Le commerçant déplore également la répétition des mêmes contrôles à plusieurs endroits d’un même parcours. Il cite notamment la ville de Kikwit où, selon ses affirmations, les transporteurs sont amenés à payer des frais similaires à l’entrée, à l’intérieur et à la sortie de la ville avant de subir d’autres contrôles quelques kilomètres plus loin.

Il évoque également les postes de contrôle installés de part et d’autre de certaines limites provinciales, notamment au niveau de la rivière Loange, où les mêmes services exercent des contrôles similaires.

Parmi les pratiques dénoncées, l’opérateur économique évoque l’existence d’une barrière située dans l’espace Bandundu où des agents, qu’il appelle des « sondaires », monteraient dans les camions munis de barres métalliques afin de vérifier le contenu des cargaisons.

« Il y a une barrière dans le Bandundu où l’on monte dans les camions avec des barres de mine. Ils trouent les sacs de maïs et les sacs de haricots à la recherche de l’alcool indigène », affirme-t-il.

Le commerçant s’interroge sur la légalité de ces opérations et sur le statut même de l’alcool traditionnel visé par ces contrôles.

« Je ne sais pas si l’alcool indigène est réellement interdit. S’il était interdit, on devait d’abord interdire sa production au lieu de tracasser les gens qui le transportent », soutient-il.

Selon lui, cette boisson traditionnelle constitue depuis longtemps une source de revenus pour de nombreuses familles congolaises.

« Tout le monde sait que l’alcool indigène a permis de faire étudier de grandes personnes qui sont aujourd’hui responsables dans ce pays. On ne doit pas en faire un objet de tracasserie, car ce n’est pas un produit prohibé », ajoute-t-il.

Contrairement aux multiples contrôles qu’il dénonce, le commerçant estime que les péages officiels supervisés par le Fonds national d’entretien routier (FONER) répondent à une logique d’entretien des infrastructures.

« Lorsque nous payons les péages destinés à la maintenance de la route, nous comprenons leur utilité.
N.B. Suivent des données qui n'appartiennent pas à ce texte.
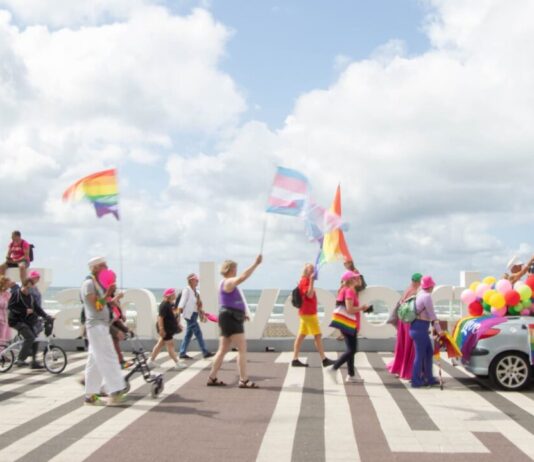 Ruth Jacott hoofdact tijdens jubileumeditie Pride at the Beach Pride at the beach. Fotografie: Emma Odijk.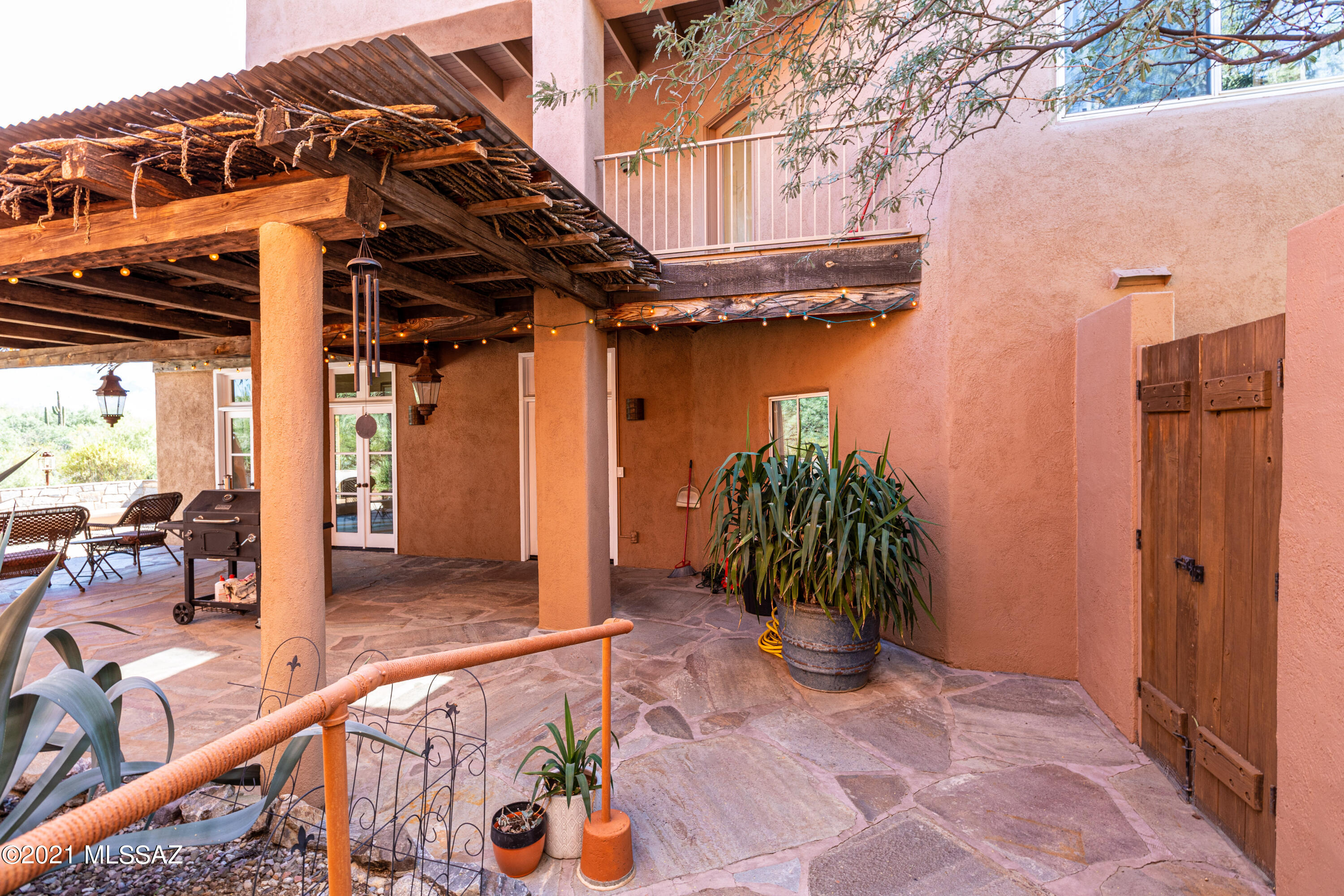 Loma De La Vista Verde (1-38) - Residential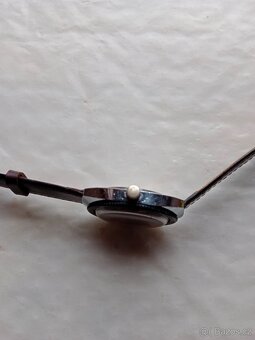 zachovalé  mechanické hodinky Prim Sport II. - 8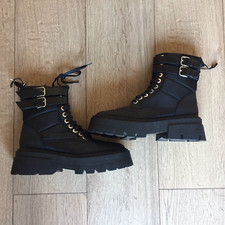 Zara Womens Black Lace Up Chunky Sole Boots Size 6 EU 39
Le problème réside dans la multiplication des services et des perceptions qui alourdissent considérablement les coûts du transport », explique-t-il.

Selon lui, les dépenses cumulées liées aux différents contrôles, taxes et paiements imposés sur le parcours peuvent atteindre plusieurs millions de francs congolais pour un camion effectuant la liaison entre Kinshasa et Mbujimayi.

À travers son témoignage, cet opérateur économique sollicite l’intervention du Président de la République, Félix Antoine Tshisekedi Tshilombo, ainsi que celle des autorités compétentes des secteurs de l’Intérieur et des Transports.

Il appelle à une rationalisation des contrôles routiers, à la suppression des barrières jugées illégales et à l’harmonisation des pratiques sur l’ensemble du territoire national.

Pour lui, la libre circulation des personnes et des biens, garantie par la Constitution, ne devrait pas être entravée par une multiplication des prélèvements et des postes de contrôle qui pèsent lourdement sur les activités économiques et le pouvoir d’achat des populations.